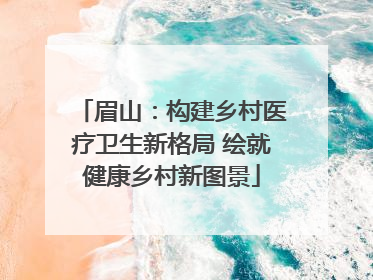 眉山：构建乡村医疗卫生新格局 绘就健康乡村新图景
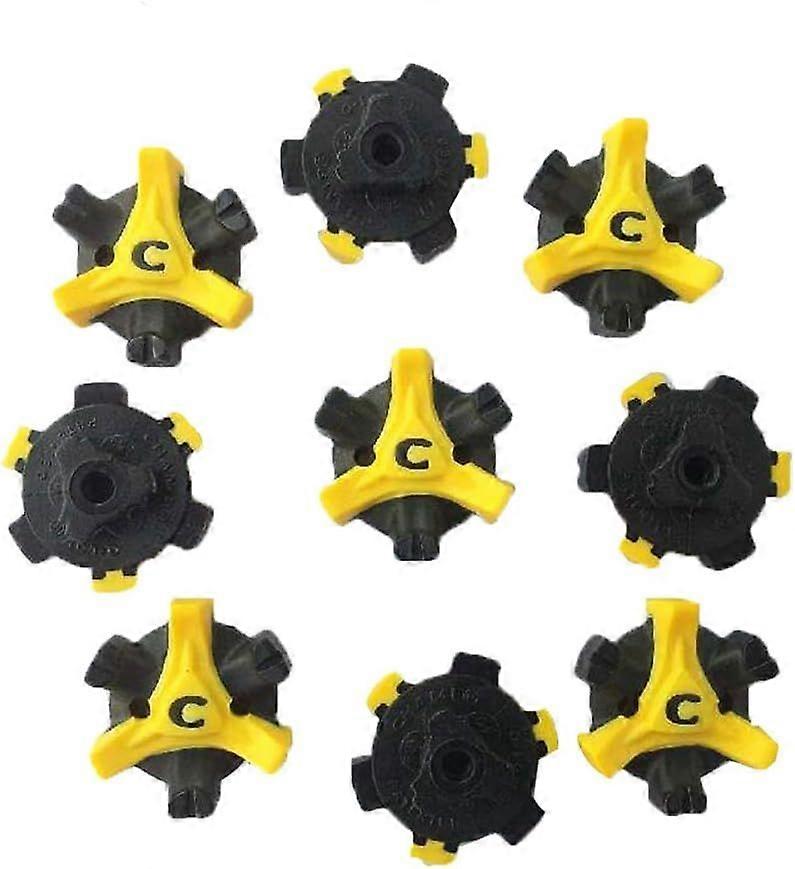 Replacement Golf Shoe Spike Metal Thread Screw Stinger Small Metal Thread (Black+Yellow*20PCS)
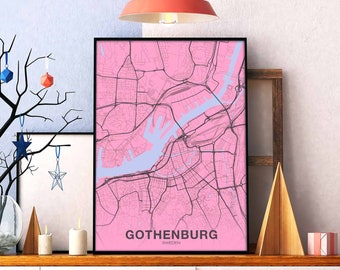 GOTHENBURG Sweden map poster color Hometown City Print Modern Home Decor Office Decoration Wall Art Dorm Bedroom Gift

*-*-*

** Task goal **
From the line that contains "Replacement Golf Shoe" to the last line of the data, print each line exactly, both ends included, and omit the pictures.

** Answer area **
 Replacement Golf Shoe Spike Metal Thread Screw Stinger Small Metal Thread (Black+Yellow*20PCS)
 GOTHENBURG Sweden map poster color Hometown City Print Modern Home Decor Office Decoration Wall Art Dorm Bedroom Gift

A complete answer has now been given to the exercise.